Usually, a DHCP option is either an IP address or subnetmask or a string. You can specify all kind of options and option data using the custom option feature of the DHCP server.It looks like this:
[General] OPTION_66=“192.168.5.1“ ; IP address of TFTP server OPTION_60="PXEClient" ; string
Some options, especially the vendor specific OPTION_43, are composed of sub-options of different types. It is possible to define OPTION_43 with one sub-option like this:
OPTION_43=08 0E "http://load.me" ;
This defines OPTION_43 with one sub-option 8. Every sub-option consists of a 1 byte tag (08 in this case), 1 byte length (0E in this case, which is 14 dec) and the data with the given length (http://load.me is a 14 byte string). Unfortunatly the length has to be calculated and entered manually as the second byte in hex format.

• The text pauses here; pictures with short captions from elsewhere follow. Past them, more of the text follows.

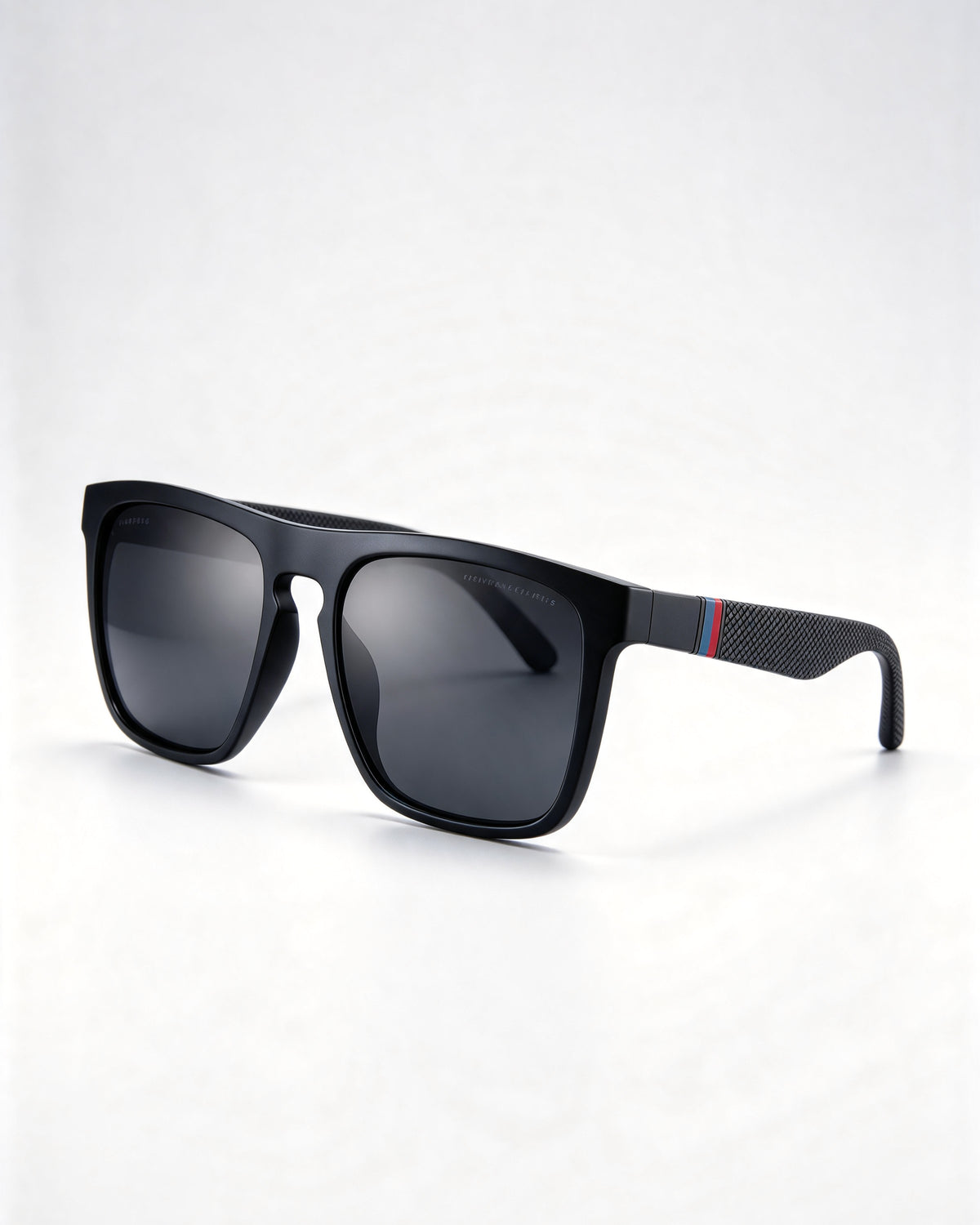 Matte black square polarized sunglasses, three quarter view, textured arms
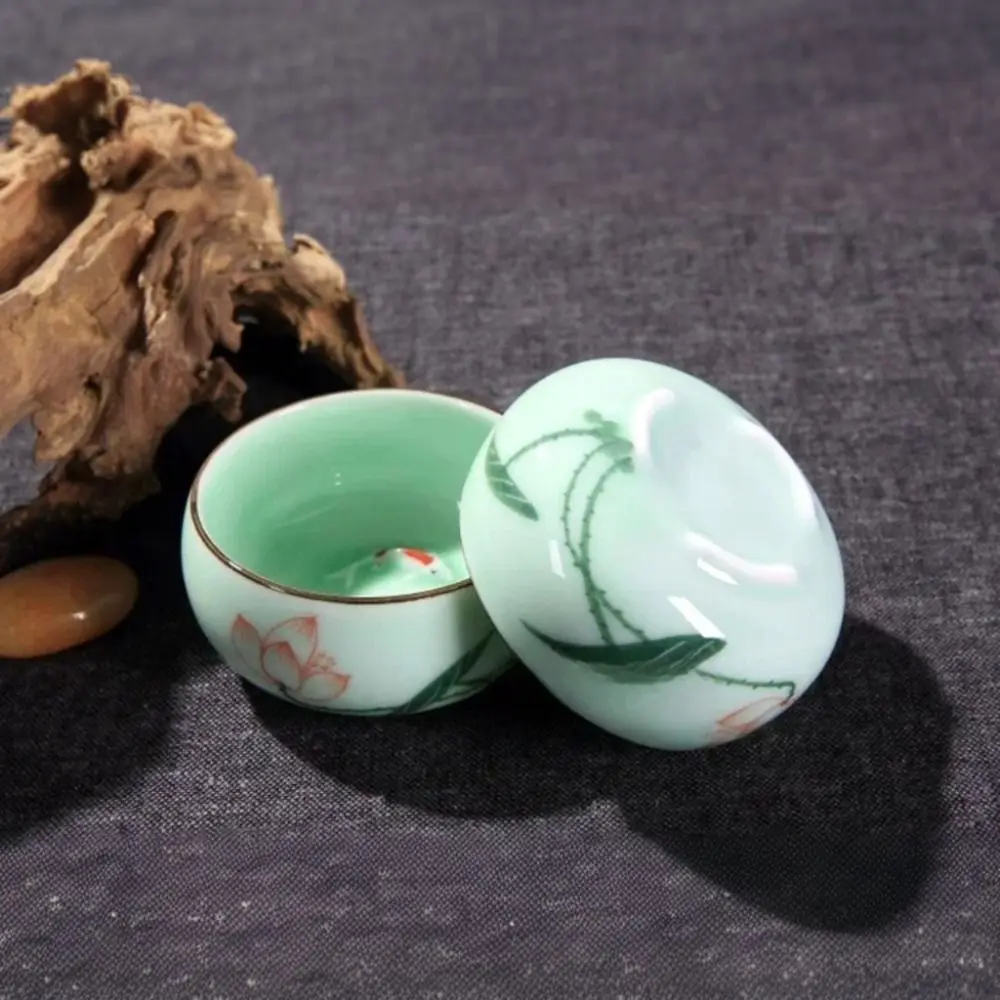 Hand-painted Landscape Pattern Chinese Traditional Celadon Teacup Double-fish Ceramic Master Cup 55 ML Vintage Tea Bowl 5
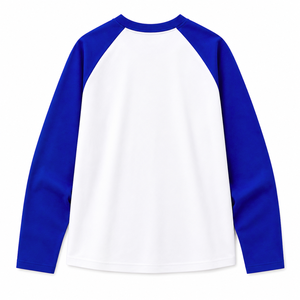 Zeta Phi Beta Sorority <b>Raglan</b> <b>T</b>-<b>Shirt</b> Women's Casual Blue White Contrast <b>Long</b> <b>Sleeve</b> <b>Shirt</b> Embroidered Crest Color Block Tee - Product Image 4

If there is a second sub-option to be specified, such as an IP address as sub-option 6 then the complete OPTION_43 looks like this:
OPTION_43=08 0E "http://load.me" 06 04 192.168.5.1 ;
The sub-option 6 also consists of a tag (06), length (04) and data, as you can easily see above.
Since V2.4, the error-prone task to manually determine the length of the sub-option is replaced by an auto-len feature. With that the example above reads like this:
OPTION_43=08 ( "http://load.me" ) 06 ( 192.168.5.1 ) ;
Everything inside parentheses is automatically prefixed with the length of that data.